We recently developed a simple assay for acute nerve injury in Drosophila and showed that severed Drosophila axons degenerate after a defined latent phase and elicit potent morphological and molecular responses FROM glia: within hours after injury, glia up-regulated the expression of Draper (the Drosophila ortholog of theCaenorhabditis elegans cell corpse engulfment receptor CED-1; Figure 3 ), extended membranes toward severed axons, and phagocytosed degenerating axonal debris. In draper mutants, glia failed to respond to axon injury or clear axonal debris from the CNS. These observations demonstrated that Drosophila glia can respond to brain trauma and phagocytose degenerating axonal debris, and identify Draper as a central mediator of these events. In addition, based on the requirement for the cell corpse engulfment receptor Draper for clearance, this work suggests for the first time that cell corpses and degenerating axons may present similar engulfment cues to local phagocytes. We are now defining the Draper signaling pathway and identifying additional signaling molecules that mediate the neuron→glia signaling events after axon injury.

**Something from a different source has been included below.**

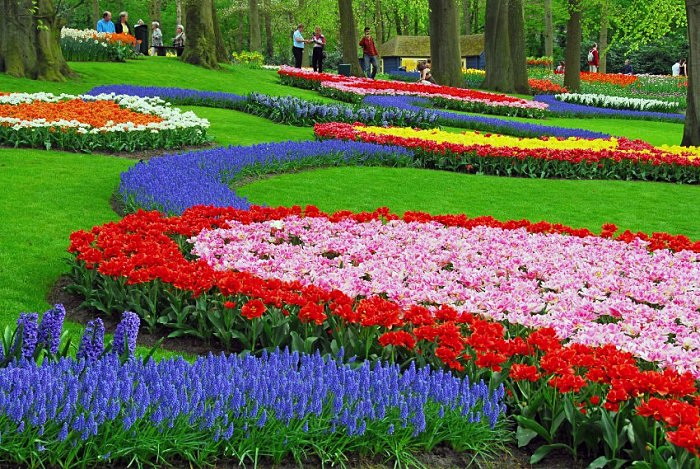 Невероятные тюльпаны множества цветов и разновидностей в голландском парке Keukenhof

Molecular Mechanisms of Axon Autodestruction
We are interested in understanding how axons undergo autodestruction and autonomously tag themselves for engulfment by glia. For more than a century, severed axons were thought to waste away passively due to a lack of nutrients from the cell body. However, the identification of the slow Wallerian degeneration (Wlds) molecule, which can suppress axon degeneration in mice for weeks after axotomy, forced us to reconsider this notion. It is now thought that Wallerian degeneration may be an active program of axon autodestruction, akin to apoptotic death, that is somehow suppressed by Wlds. We recently discovered that severed Drosophilaundergo Wallerian degeneration that can be strongly suppressed by mouse Wlds (Figure 4); thus the molecular mechanisms driving Wallerian degeneration and Wlds function are conserved in Drosophila and mammals.
We also found that severed Wlds-expressing axons do not elicit any response from glia, indicating that axonal production of the neuron→glia injury signal that activates glial phagocytosis is genetically downstream of Wlds. This work opens the door to a genetic analysis of axon autodestruction pathways. We are now immersed in trying to understand (1) the signaling pathways that actively drive axon autodestruction, (2) how Wldsprotects severed axons from autodestruction, and (3) the molecular identity of axonal injury signals.